Authorities said a second coastguard vessel has brought another 254 safely to land in Calabria while 415 more asylum seekers have arrived in the port of Taranto, Apulia, on a boat operated by charity Doctors Without Borders.

The fresh casualties came at the end of a dramatic week for migrant deaths that renewed urgency for EU leaders to agree a concerted response to the current crisis.

On Wednesday (26 August), 52 people died in the hold of a migrant boat headed towards Italy. A day later the decomposing bodies of 71 refugees were found inside a lorry in Austria, and finally on Friday 28 August two migrant vessels capsized off the Libyan city of Zuwara, killing up to 200 people.

Italian police have detained 10 suspected traffickers over the first tragedy, on suspicion of murder. Hungarian judges are due to decide whether to keep in custody four men authorities believe to be part of a smuggling ring responsible for the Austrian deaths.

The four, the three Bulgarians and an Afghan appeared before a court at a closed-doors hearing in the city of Kecskemet.

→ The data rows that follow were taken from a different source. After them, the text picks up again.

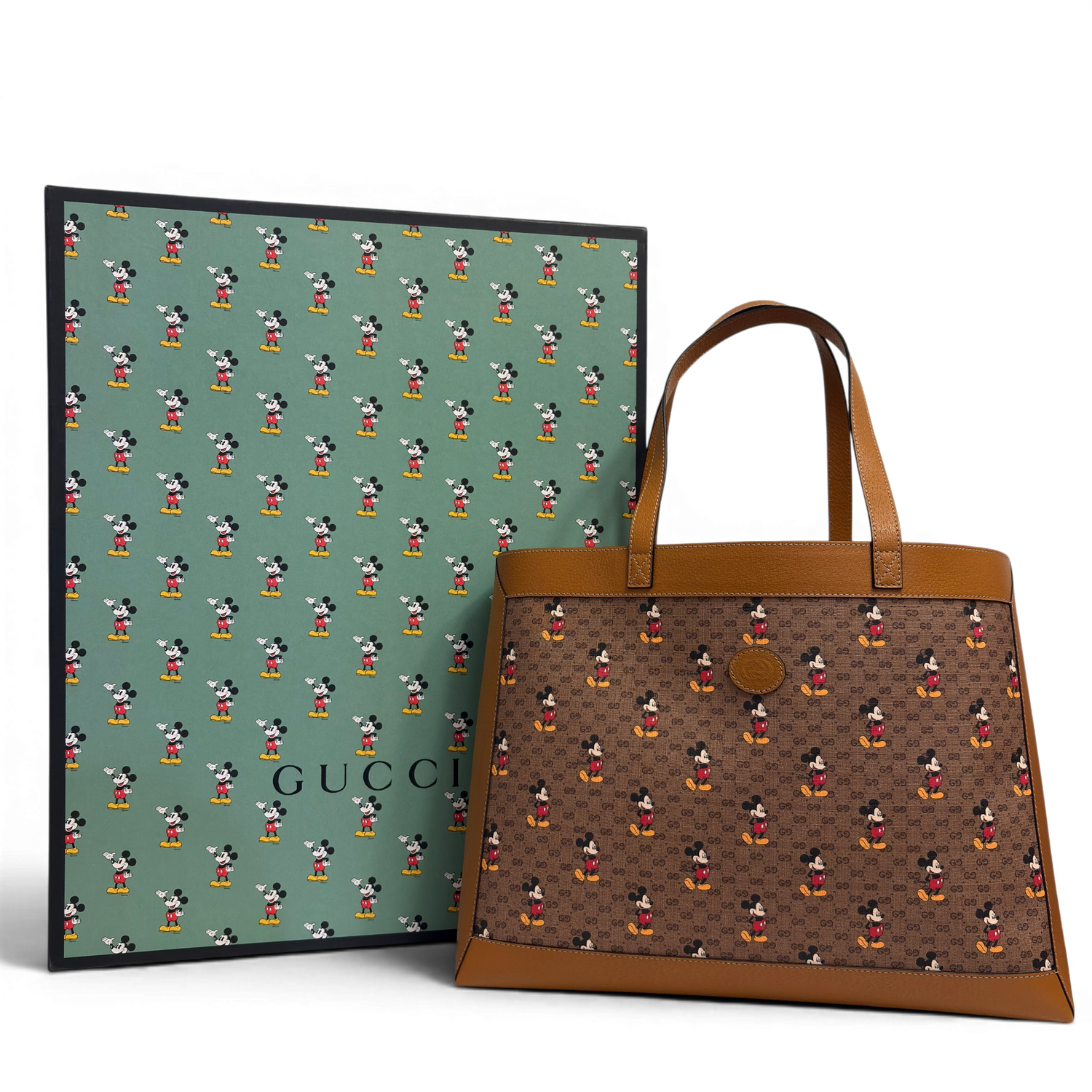 Gucci × Disney GG Supreme Monogram Mickey Mouse Bolsa Tote Bag Multicolor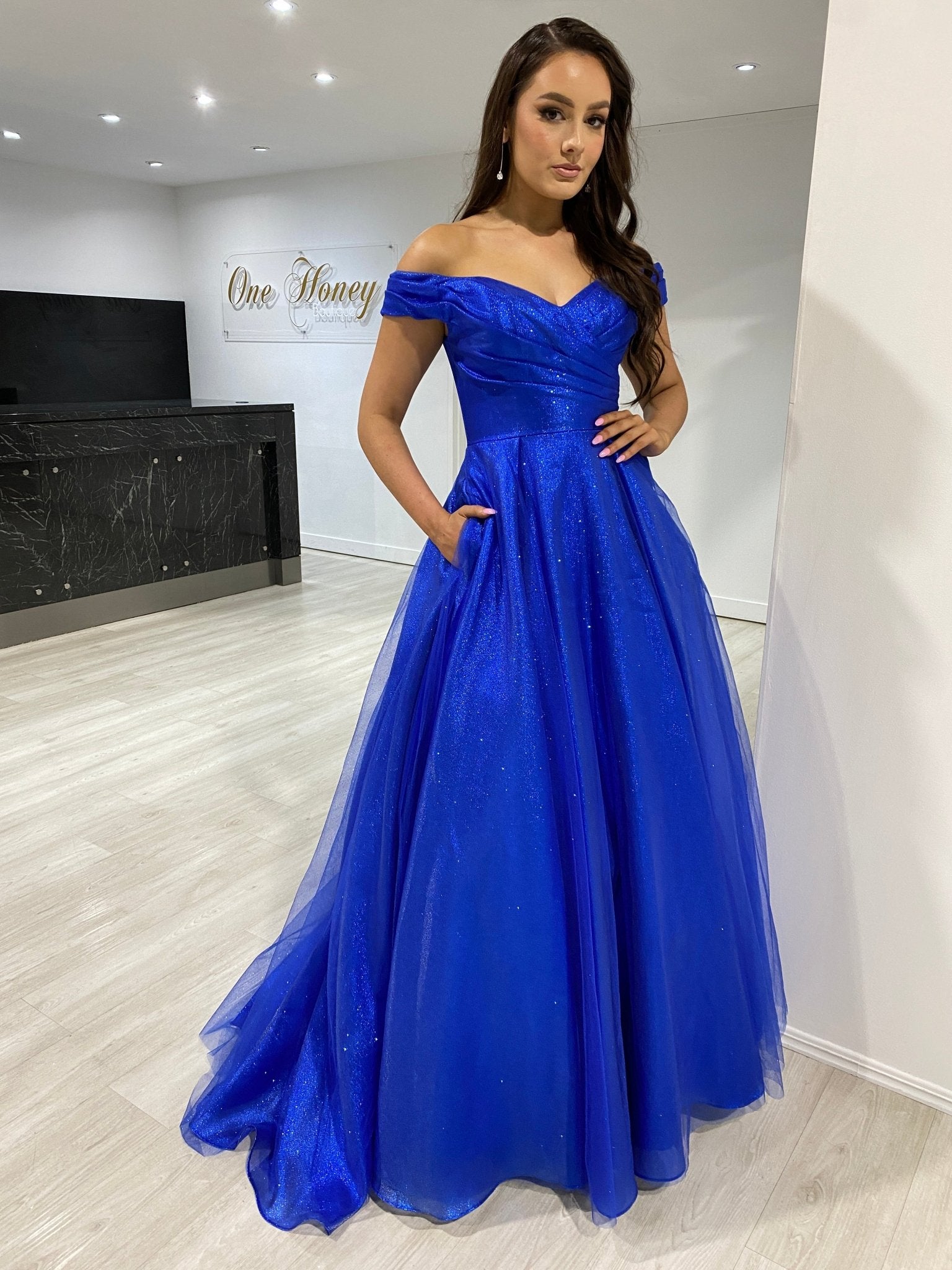 Blue Off Shoulder Gown ARIANA Shimmer Off Shoulder Ballgown Formal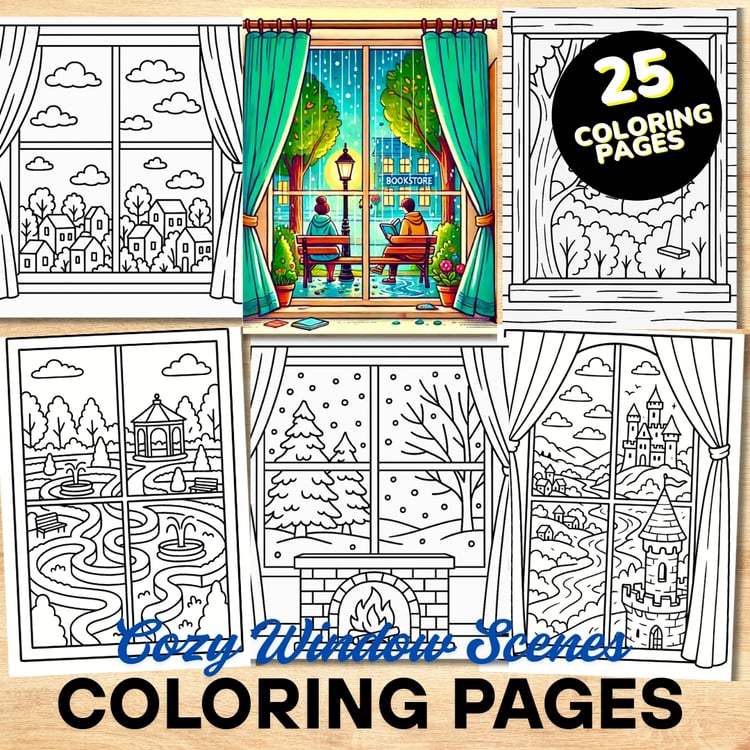 Bold and Easy Coloring Book, Cozy Window Scenes Coloring Pages, Cute Kawaii Window Landscape Coloring, Relaxing Activity for Adults and Kids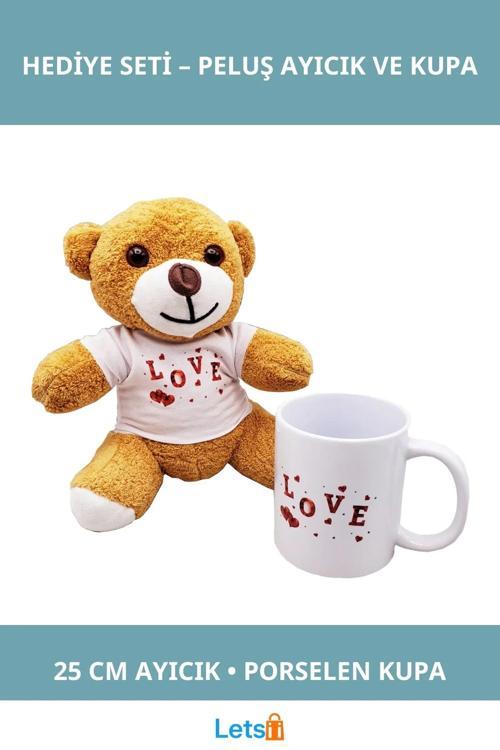 Love Baskılı Kahverengi Peluş Ayıcık ve Porselen Kupa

Austrian detectives said one of the men is the truck owner while two others are believed to have driven and then abandoned it on the hard shoulder of a highway near the eastern town of Parndorf, upon realising it carried a cargo of corpses.

UN Secretary General Ban Ki-Moon said he was "horrified and heartbroken" at the continuous loss of lives, and urged European government to act.

"These repeated tragedies underscore the ruthlessness of people smugglers and traffickers whose criminal activities extend from the Andaman Sea to the Mediterranean to the highways of Europe. It also highlights the desperation of people seeking protection or a new life," he said.

"I appeal to all governments involved to provide comprehensive responses, expand safe and legal channels of migration and act with humanity, compassion and in accordance with their international obligations," he added.

"This is a human tragedy that requires a determined collective political response. It is a crisis of solidarity, not a crisis of numbers."